<<<<
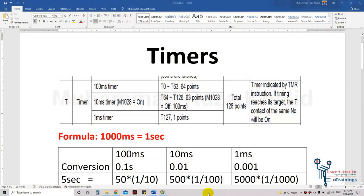Hey guys, welcome back. In this lecture we are going to cover timers. As in the introduction lecture, we go through the timers — we have three types of timers: the first one is 100 millisecond, the second range is 10 millisecond, and the third range is 1 millisecond.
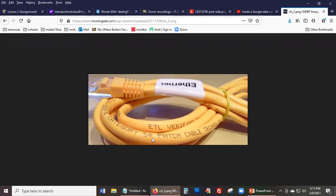A student asks if buying a cable that already has RJ-45 connectors attached is fine. The professor confirms yes — just cut off the ends and rebuild it from scratch. That's the only way to buy it unless purchasing for industrial use for an entire building. The professor ends the recording to take attendance.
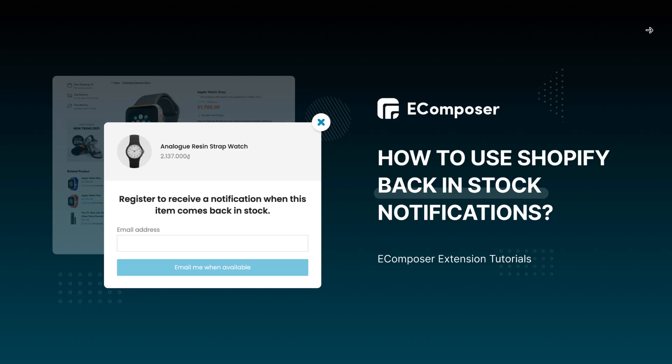Hi, I'm Eric from eComposer Shopify Page Builder. Welcome to eComposer Extension Tutorials. In today's video, I will share with you how to add the back-in-stock notifications to your Shopify store using eComposer Extension.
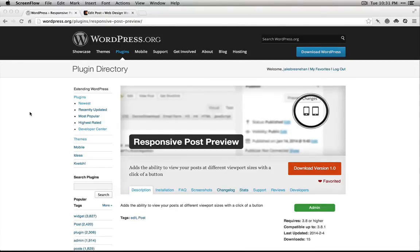Hey guys it's Jake from Web Design Weekly. I just thought I would show you this new little plugin I built.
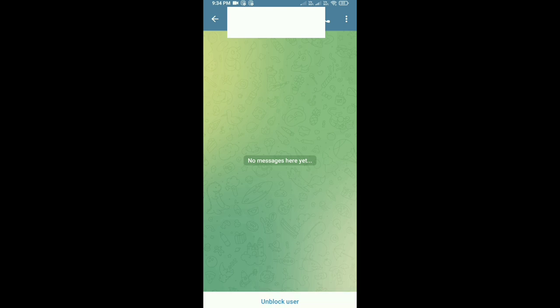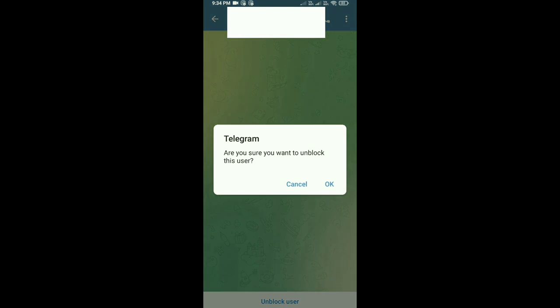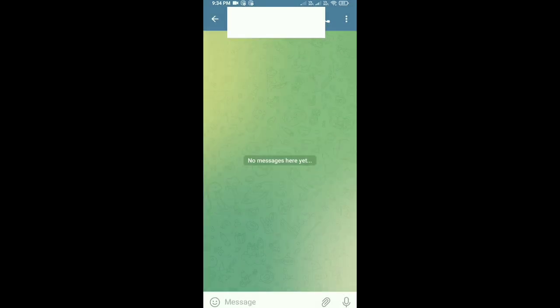Tap on the unblock button and then click OK. Like this, you can unblock anyone on Telegram.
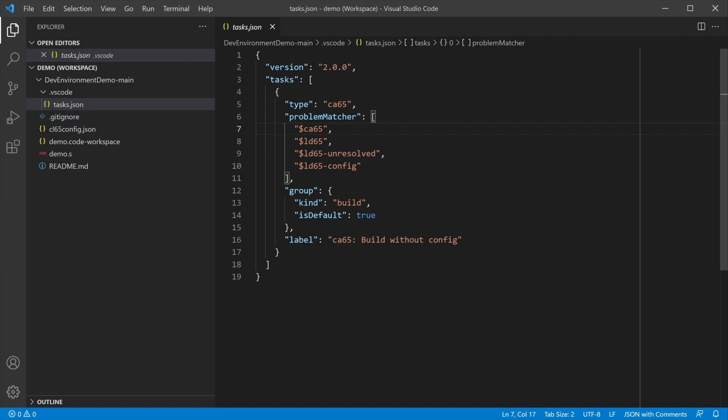This file contains all of the build tasks that we've configured for our project. Right now, it only contains a single task, the one we just created using the CA65 extension. You only need to configure a build task once, and then it can be used as many times as you need to build and rebuild the game as you make changes while coding. As with many things in this video, a full treatment of build tasks is out of scope. So for now, just press CTRL-S to save the file. With the editor all configured, let's actually see how to use the build task that we just made.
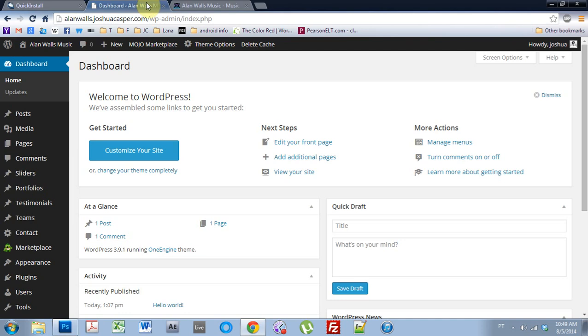Yo, what's up? Joshua Casper here with a One Engine WordPress theme tutorial.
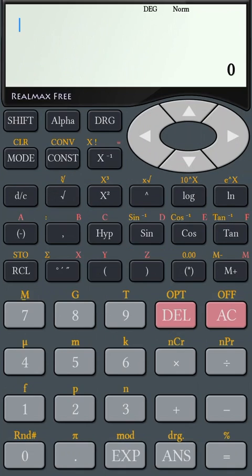Download the RealMax Scientific Calculator from Google Play today.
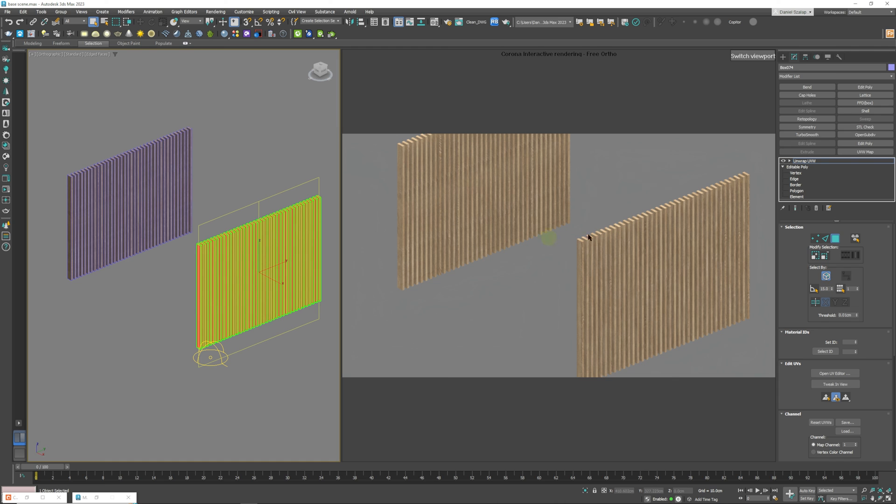You can also in a more advanced tutorial that I might do later, you can actually decide where you want to cut the objects open and how you want to map them. But that's more of something that you'd learn once you're skinning a character or something of that sort.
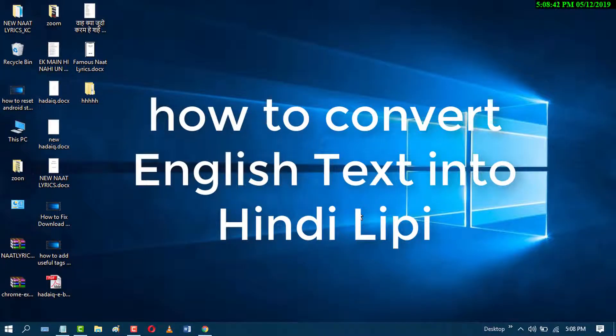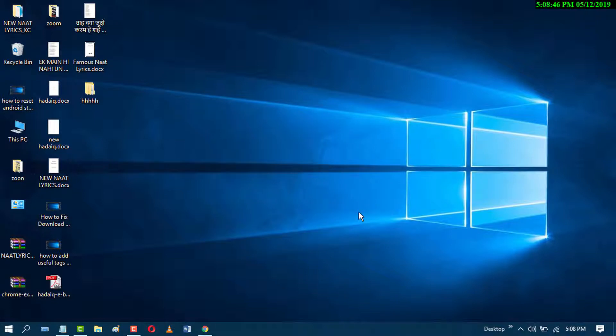Hello guys, today in this video we will learn how to convert English into Hindi Lippy.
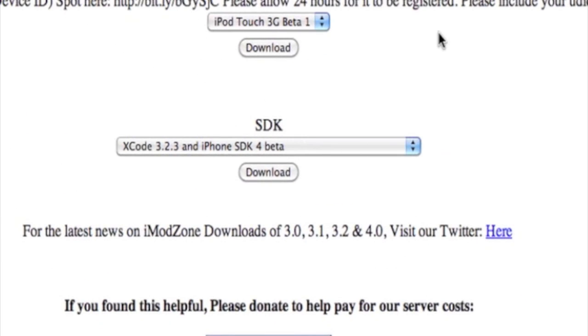The important point is when you actually want to restore to iPhone OS 4 in iTunes: if you're on Mac, you press Alt and click on Restore. Don't click on Check for Updates. Click Alt-Restore.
>>>>
Work item >>
Taking the material above, give again exactly the lines from the one holding "Yo, what's up?" through the one holding "Download the RealMax", with both ends and without pictures.

Solution to this exercise >>
Yo, what's up? Joshua Casper here with a One Engine WordPress theme tutorial.
Download the RealMax Scientific Calculator from Google Play today.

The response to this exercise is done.